== Segment start ==

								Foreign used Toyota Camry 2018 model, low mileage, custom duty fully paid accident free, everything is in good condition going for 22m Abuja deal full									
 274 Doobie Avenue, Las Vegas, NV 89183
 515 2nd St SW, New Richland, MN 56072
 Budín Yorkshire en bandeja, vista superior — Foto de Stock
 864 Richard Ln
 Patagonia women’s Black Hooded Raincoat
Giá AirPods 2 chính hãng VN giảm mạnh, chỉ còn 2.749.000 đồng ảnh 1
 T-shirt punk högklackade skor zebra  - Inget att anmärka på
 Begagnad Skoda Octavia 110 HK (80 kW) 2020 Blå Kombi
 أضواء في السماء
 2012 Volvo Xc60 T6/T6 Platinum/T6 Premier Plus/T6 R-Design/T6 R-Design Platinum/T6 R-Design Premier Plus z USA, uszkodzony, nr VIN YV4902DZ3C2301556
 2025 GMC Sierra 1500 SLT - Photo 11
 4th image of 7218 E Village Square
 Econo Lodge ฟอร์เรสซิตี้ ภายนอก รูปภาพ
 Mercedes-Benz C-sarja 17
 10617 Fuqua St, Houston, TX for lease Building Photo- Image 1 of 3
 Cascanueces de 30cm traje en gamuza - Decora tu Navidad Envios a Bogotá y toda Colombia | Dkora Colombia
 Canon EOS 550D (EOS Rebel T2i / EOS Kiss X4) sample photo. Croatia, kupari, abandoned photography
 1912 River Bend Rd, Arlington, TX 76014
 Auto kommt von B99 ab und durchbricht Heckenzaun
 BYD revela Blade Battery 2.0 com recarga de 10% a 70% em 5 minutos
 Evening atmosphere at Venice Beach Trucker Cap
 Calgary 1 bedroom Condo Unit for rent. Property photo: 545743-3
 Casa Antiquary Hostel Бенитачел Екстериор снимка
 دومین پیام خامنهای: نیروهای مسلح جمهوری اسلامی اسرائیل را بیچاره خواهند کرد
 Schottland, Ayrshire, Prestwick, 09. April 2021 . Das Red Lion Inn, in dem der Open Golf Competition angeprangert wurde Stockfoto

== Segment end ==

Only an exact copy of the lines from the beginning of the listing through the line with "Patagonia women’s Black Hooded Raincoat", both included, belongs in the answer.

Completed task:
								Foreign used Toyota Camry 2018 model, low mileage, custom duty fully paid accident free, everything is in good condition going for 22m Abuja deal full									
 274 Doobie Avenue, Las Vegas, NV 89183
 515 2nd St SW, New Richland, MN 56072
 Budín Yorkshire en bandeja, vista superior — Foto de Stock
 864 Richard Ln
 Patagonia women’s Black Hooded Raincoat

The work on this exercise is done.